From: Michael S. Tsirkin mst@redhat.com Sent: Tuesday, May 27, 2025 1:45 AM
On Mon, May 26, 2025 at 02:40:33PM +0000, Parav Pandit wrote:
[..]
- if (blk_mq_request_started(rq) && !blk_mq_request_completed(rq))
blk_mq_complete_request(rq);- spin_unlock_irqrestore(&vq->lock, flags);
- return true;
+}
+static void virtblk_broken_device_cleanup(struct virtio_blk *vblk) {
- struct request_queue *q = vblk->disk->queue;
- if (!virtqueue_is_broken(vblk->vqs[0].vq))
return;can marking vqs broken be in progress such that 0 is already broken but another one is not, yet? if not pls add a comment explainging why.
I missed to answer this previous email.
It should not happen during surprise removal case, because surprise removal and remove() is serialized operation listed below,
virtio_pci_remove() virtio_break_device() mark N Vqs as broken.. unregister_virtio_device() virtioblk_remove()

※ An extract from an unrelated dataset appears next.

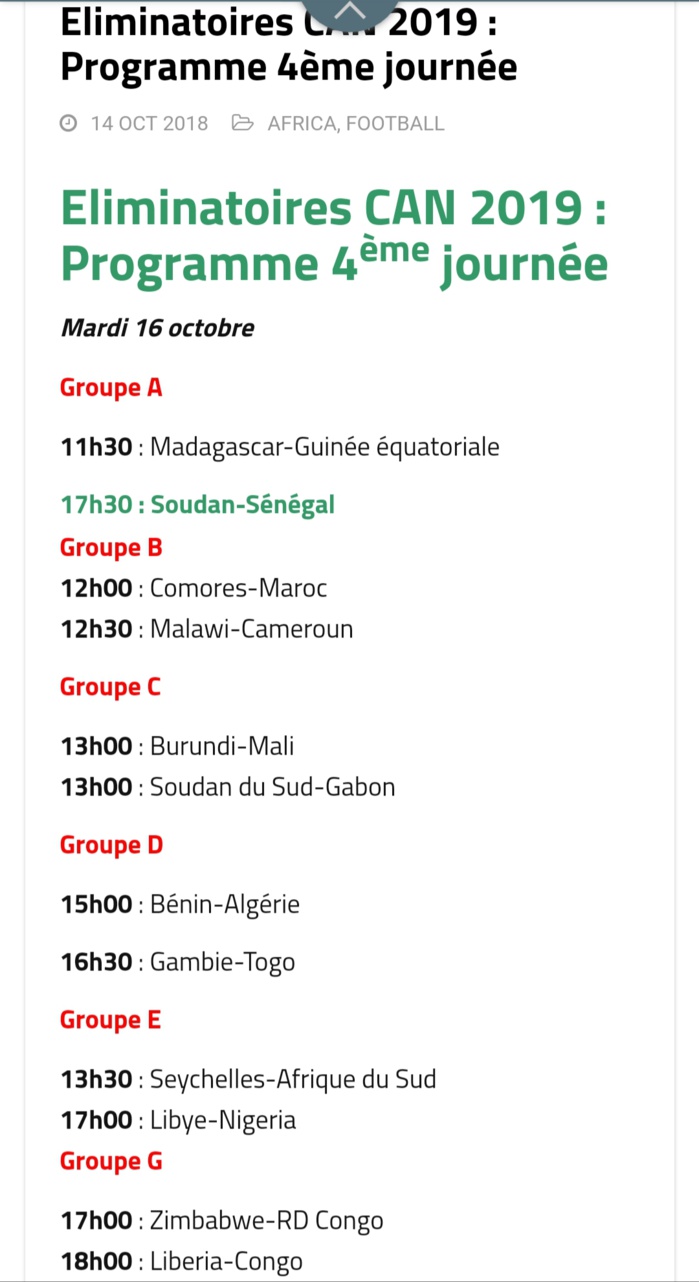 Éliminatoires CAN 2019 : Programme complet des matchs de la 4e journée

If one attempts to unbind the pci device and once the remove() crosses the broken check, and after that if the pci device is removed (before existing virtblk_remove finishes, then yes, same hang can occur. Such thing requires an additional time out handling, which should be handled separate patch as new functionality. Since timeout handling would be additional, it won't replace the existing known surprise removal case anyway. I anticipate that it will likely reuse pieces from the proposed cleanup() function.